Qualcuno l’ha definita la dorsale dell’accoglienza, e in effetti non potrebbe essere che così. «Tutti i centri che abbiamo visitato, ciascuno con le proprie peculiarità, si basano sul modello dell’accoglienza diffusa: piccoli appartamenti, che ospitano al massimo quattro o cinque persone, preferendo l’unità famigliare». Il tutto è cominciato grazie all’iniziativa di Mimmo Lucano, sindaco di Riace, che ha fatto del piccolo borgo in via di spopolamento una vera e propria nuova comunità, dove al momento risiedono circa 250 cittadini stranieri e 250 cittadini italiani. «Un posto unico al mondo, dove l’integrazione è completa, dove le differenze hanno portato benefici a tutti». Grazie ai contributi che il Ministero dell’Interno assicura alla rete SPRAR, Riace ha non solo combattuto lo spopolamento, ma creato posti di lavoro per italiani e stranieri, e ha una veste completamente rinnovata e curatissima. L’esempio di Riace è stato seguito dagli altri comuni elencati in precedenza: c’è chi ha scelto di cercare di replicare in ogni aspetto questo modello, come Camini, e chi invece ha scelto numeri meno elevati, ma comunque importanti e in ogni caso capaci di mettere in moto processi economici, sociali e culturali a saldo positivo per tutti.

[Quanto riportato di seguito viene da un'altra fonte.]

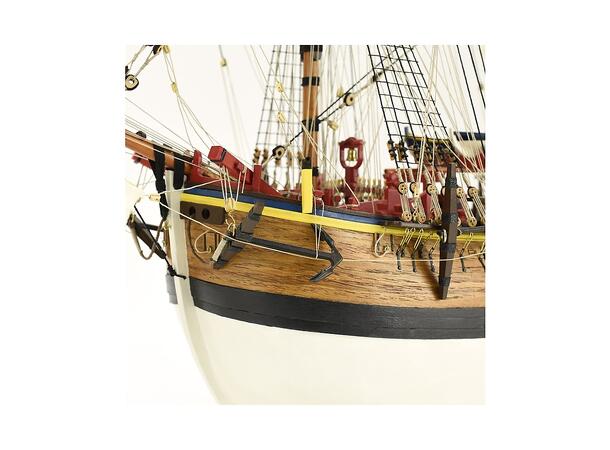 Hms Endeavour Artesania Latina Norwegian Modellers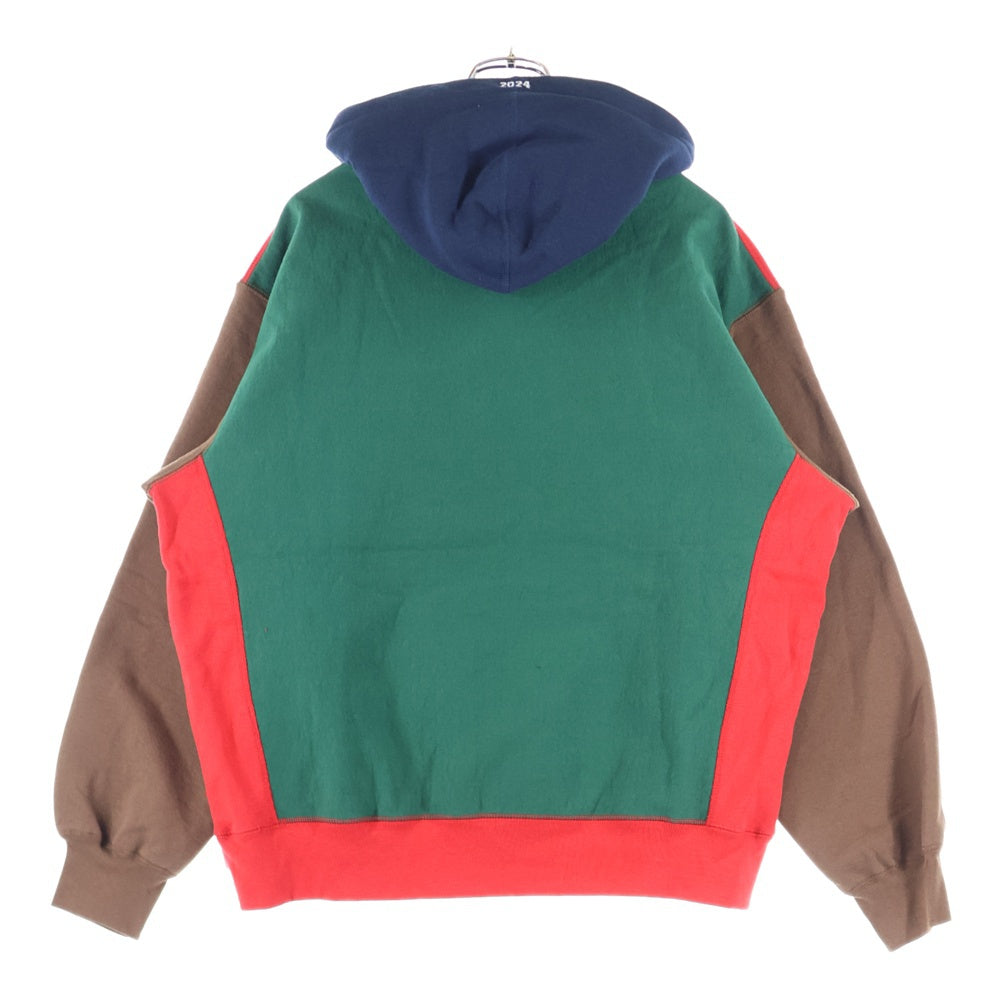 SUPREME(シュプリーム) 24AW Box Logo Hooded Sweatshirt ボックスロゴ プルオーバースウェットパーカー フーディー レッド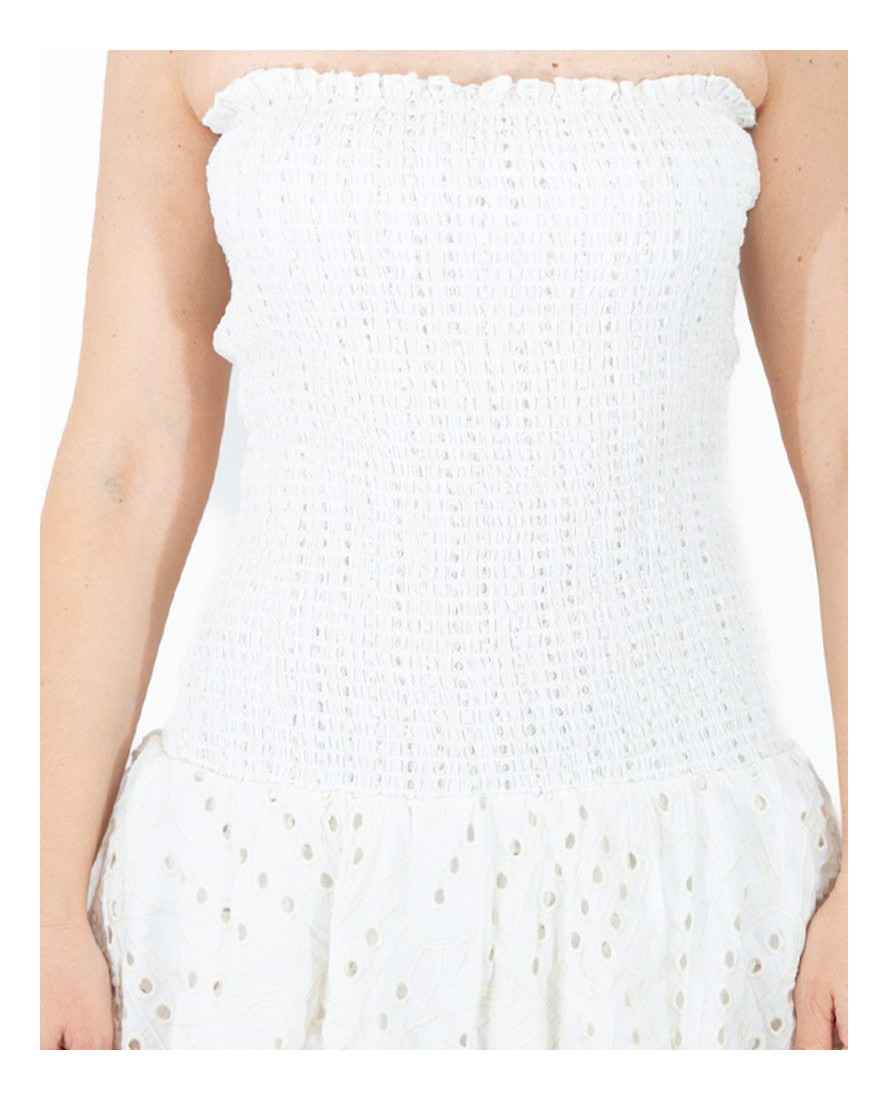 Vestido Beach Blanco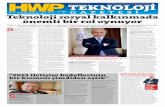 HWP Teknoloji Gazetesi S03 Şubat 2015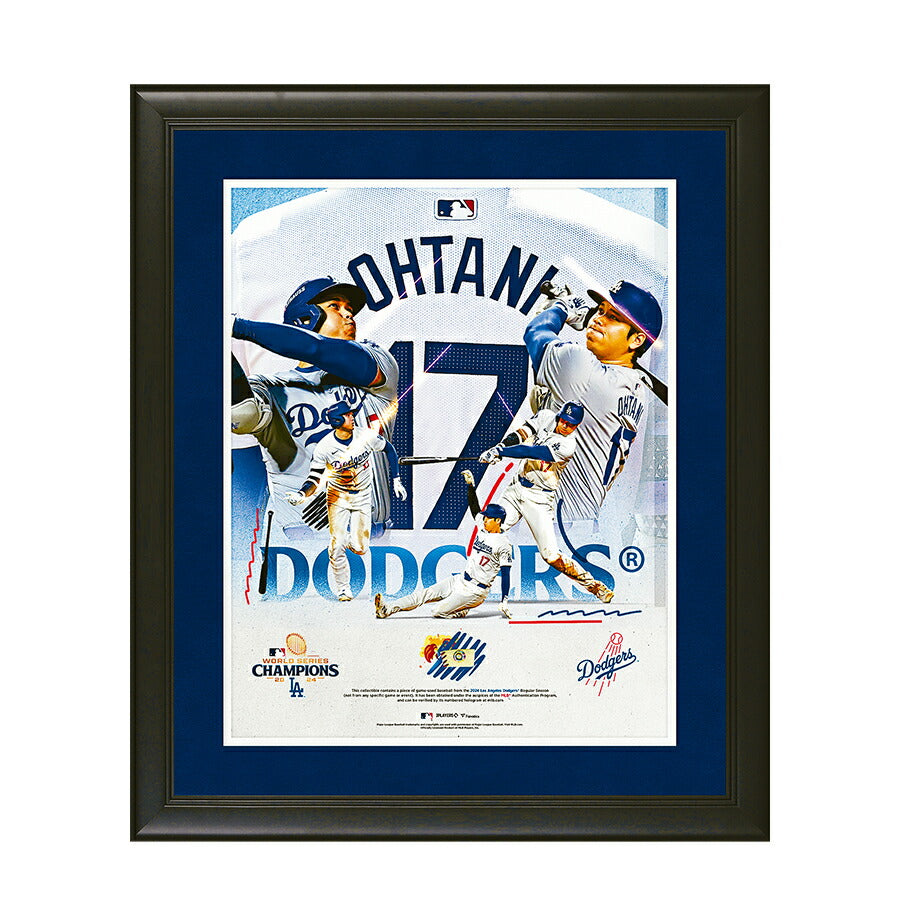 大谷翔平 2024 オールスターゲーム Lサイズ 新品未使用品 断捨離 フォトフレーム ブランド 大谷翔平 ドジャースワールドシリーズ優勝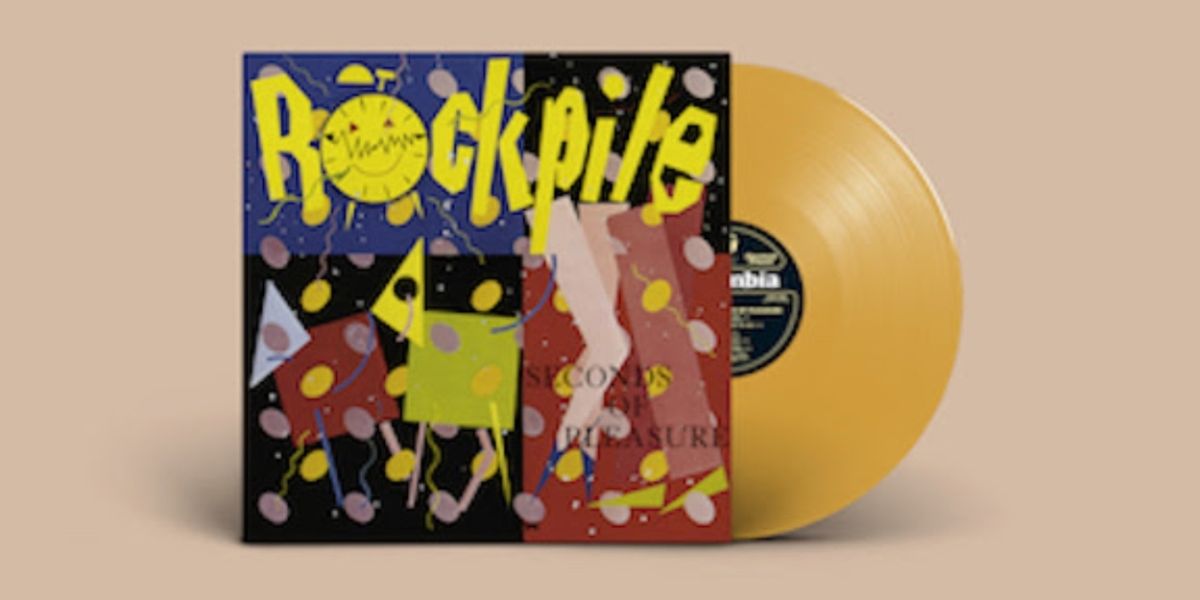Yep Roc Records to Reissue Rockpile's 'Seconds Of Pleasure' in June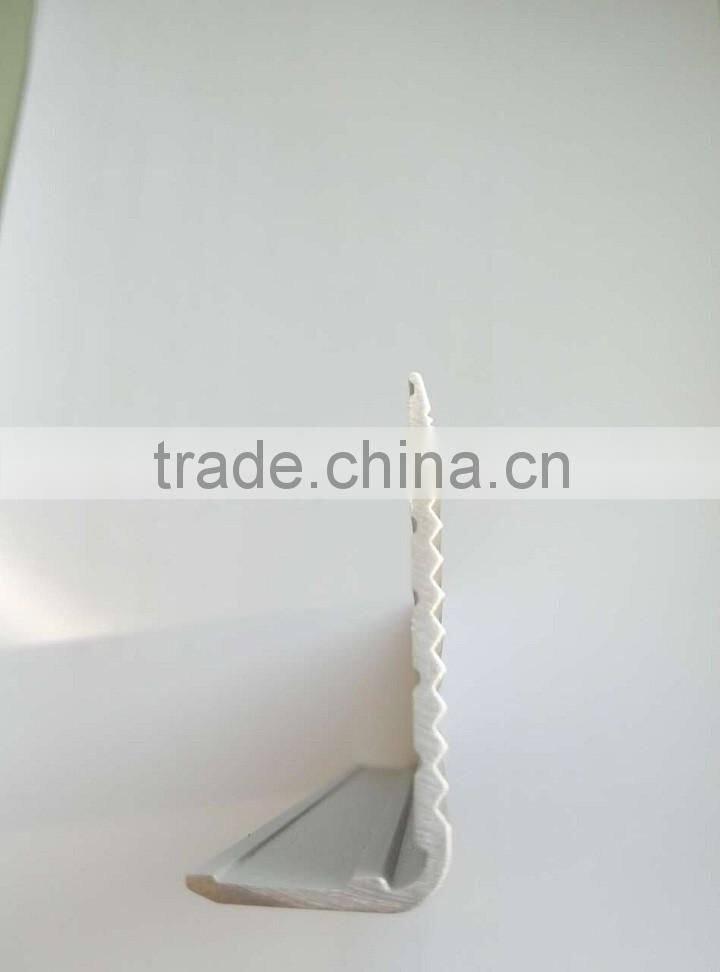 aluminum non slip stair nosing in exterior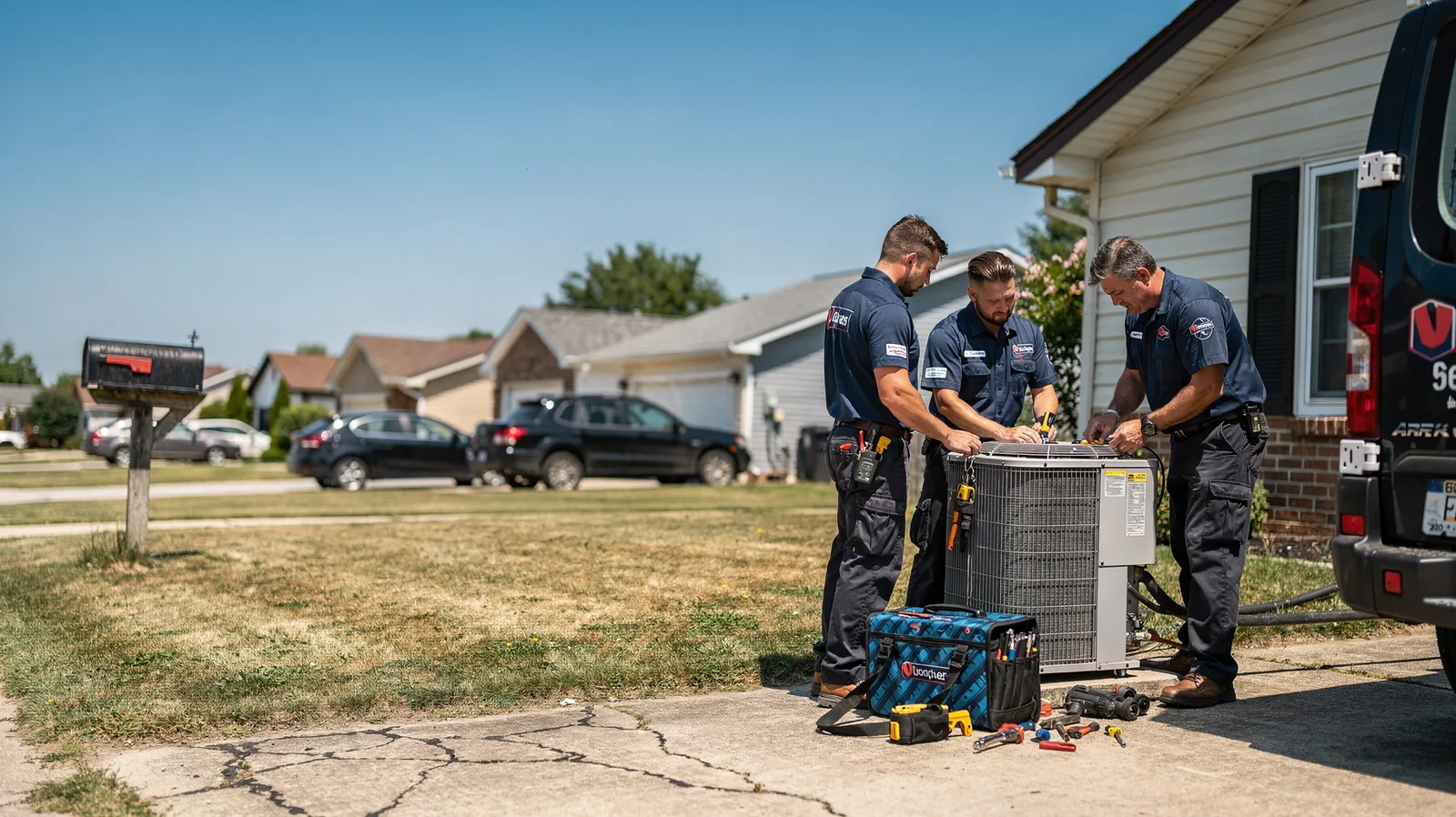 Hvac Repair in Stonington, IL near me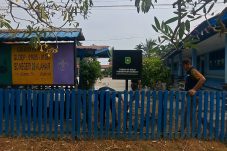 Aset Lahan Milik Pemkab Meranti Dipasang Plang Nama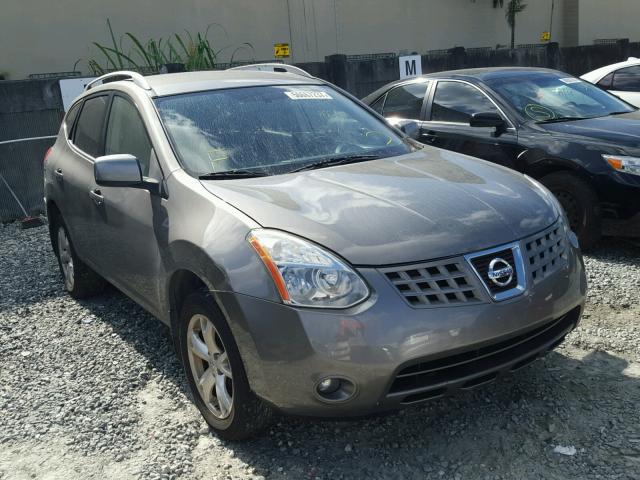 JN8AS58T18W305319 - 2008 NISSAN ROGUE S GRAY photo 1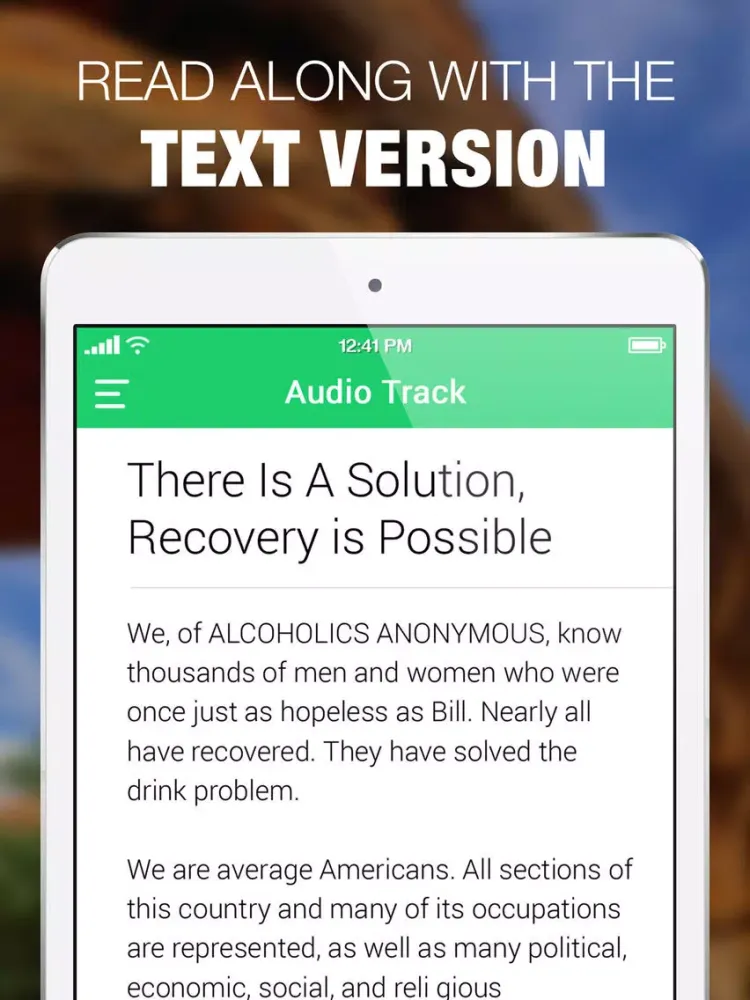 Recovery from Drug Addiction, Alcohol, Sex & More iPad  سکرین شاٹس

Un modello certo non semplice da replicare, e che qui è nato grazie alla radicalità di azione e di pensiero di Mimmo Lucano, ma che diverse realtà stanno già sperimentando — e con ottimi risultati — in altre zone di Italia. Un modello da cui partire, per costruire un sistema italiano efficiente, efficace, positivo per tutti, e capace di rispettare la dignità delle persone.